Exercise aim: No pictures belong in the copy. Retype exactly, and only, the stretch of lines below from the one with "consumer-report.api.dailyvanity.com icon" through the one with "فندق Royal Galata 3*".

-.-.-

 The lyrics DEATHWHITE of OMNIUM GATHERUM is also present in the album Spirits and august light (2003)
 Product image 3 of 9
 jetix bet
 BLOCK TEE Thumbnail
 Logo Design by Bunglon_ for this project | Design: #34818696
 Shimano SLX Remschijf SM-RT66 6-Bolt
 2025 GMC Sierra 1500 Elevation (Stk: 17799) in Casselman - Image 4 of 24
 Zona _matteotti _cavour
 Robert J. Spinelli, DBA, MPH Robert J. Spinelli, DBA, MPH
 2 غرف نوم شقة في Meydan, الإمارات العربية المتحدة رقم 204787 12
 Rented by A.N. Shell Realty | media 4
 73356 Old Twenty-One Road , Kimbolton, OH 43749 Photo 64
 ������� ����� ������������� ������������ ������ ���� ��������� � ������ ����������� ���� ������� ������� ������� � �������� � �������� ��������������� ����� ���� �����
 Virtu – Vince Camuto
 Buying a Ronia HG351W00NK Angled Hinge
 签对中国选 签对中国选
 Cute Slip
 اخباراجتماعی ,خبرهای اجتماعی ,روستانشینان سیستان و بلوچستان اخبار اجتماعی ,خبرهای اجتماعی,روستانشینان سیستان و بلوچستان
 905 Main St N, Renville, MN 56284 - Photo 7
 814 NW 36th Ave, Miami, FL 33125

-.-.-

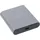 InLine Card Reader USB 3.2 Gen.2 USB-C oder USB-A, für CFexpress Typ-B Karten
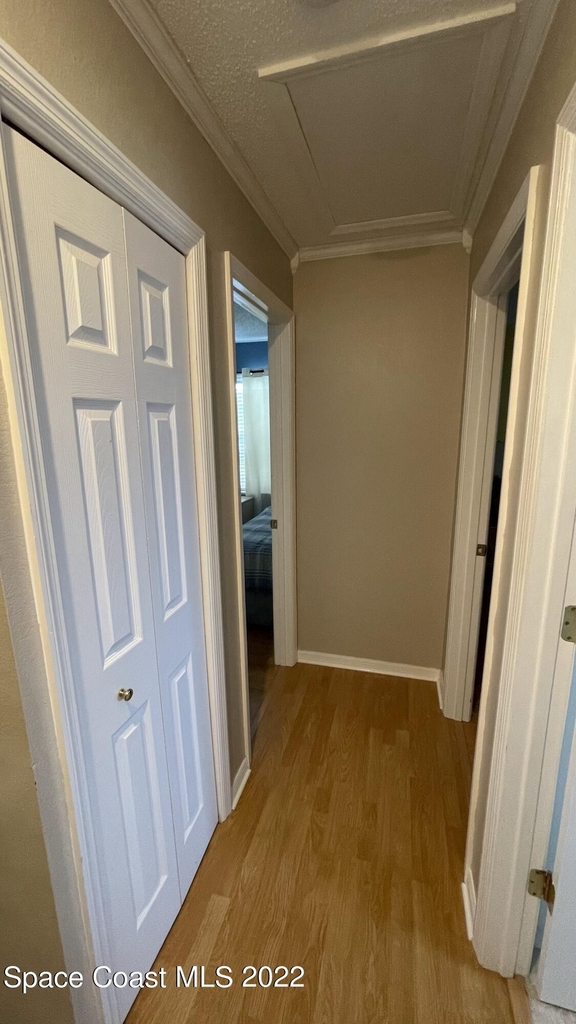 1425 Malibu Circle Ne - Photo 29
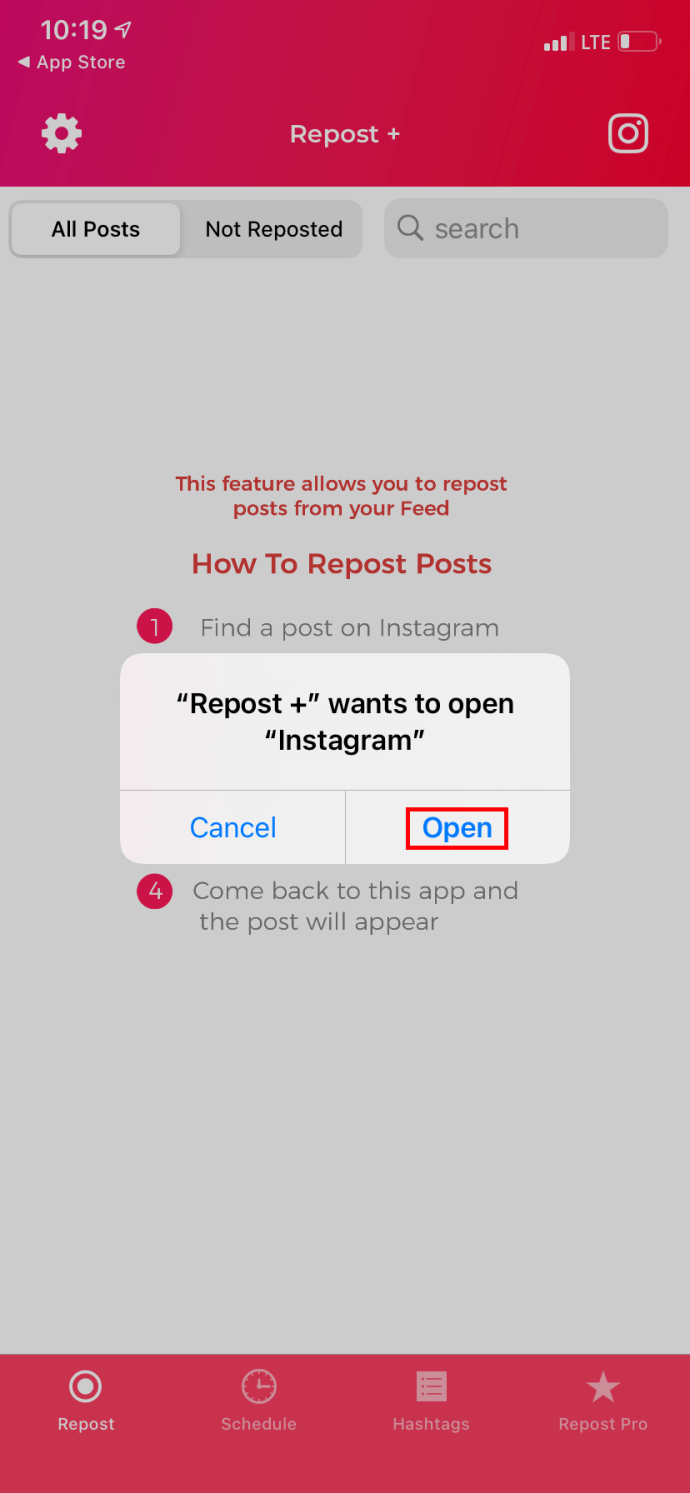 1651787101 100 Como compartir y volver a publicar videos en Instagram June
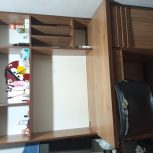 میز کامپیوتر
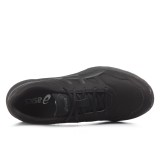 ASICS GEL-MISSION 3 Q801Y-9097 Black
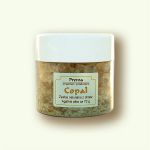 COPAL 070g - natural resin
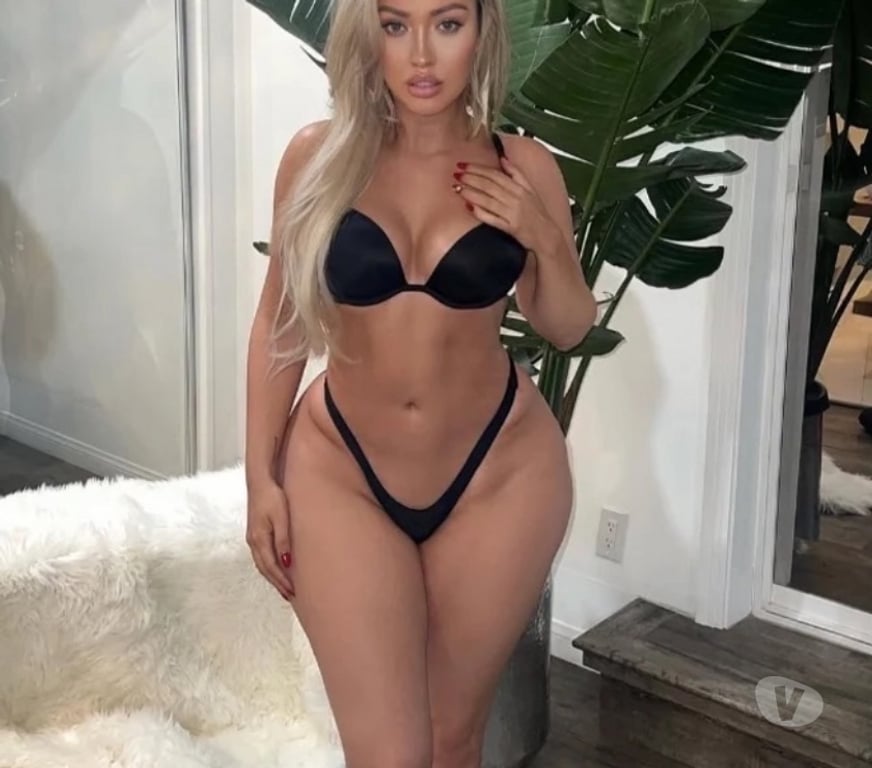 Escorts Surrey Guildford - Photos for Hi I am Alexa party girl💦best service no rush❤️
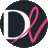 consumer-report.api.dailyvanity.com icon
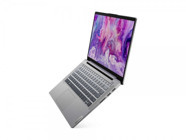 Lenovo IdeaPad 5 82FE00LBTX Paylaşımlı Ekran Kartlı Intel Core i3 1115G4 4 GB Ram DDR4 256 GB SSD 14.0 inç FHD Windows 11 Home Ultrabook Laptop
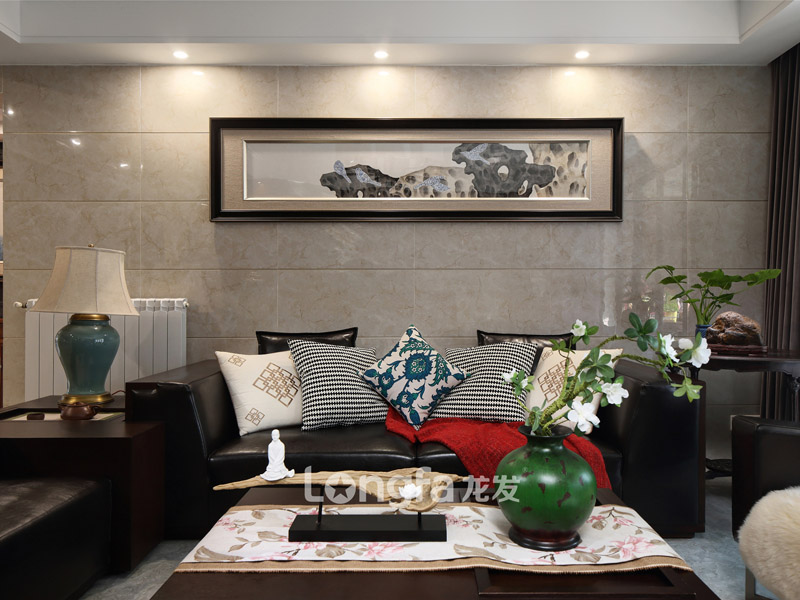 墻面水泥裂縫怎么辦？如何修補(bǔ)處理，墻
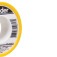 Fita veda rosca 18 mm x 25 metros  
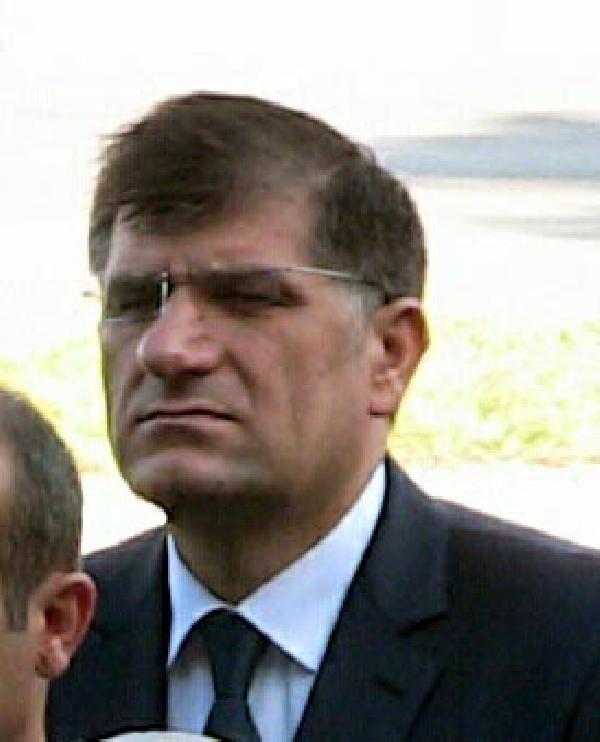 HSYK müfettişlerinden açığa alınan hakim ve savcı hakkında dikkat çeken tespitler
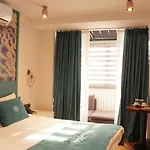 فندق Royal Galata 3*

-.-.-

Output below:
 consumer-report.api.dailyvanity.com icon
 Lenovo IdeaPad 5 82FE00LBTX Paylaşımlı Ekran Kartlı Intel Core i3 1115G4 4 GB Ram DDR4 256 GB SSD 14.0 inç FHD Windows 11 Home Ultrabook Laptop
 墻面水泥裂縫怎么辦？如何修補(bǔ)處理，墻
 Fita veda rosca 18 mm x 25 metros  
 HSYK müfettişlerinden açığa alınan hakim ve savcı hakkında dikkat çeken tespitler
 فندق Royal Galata 3*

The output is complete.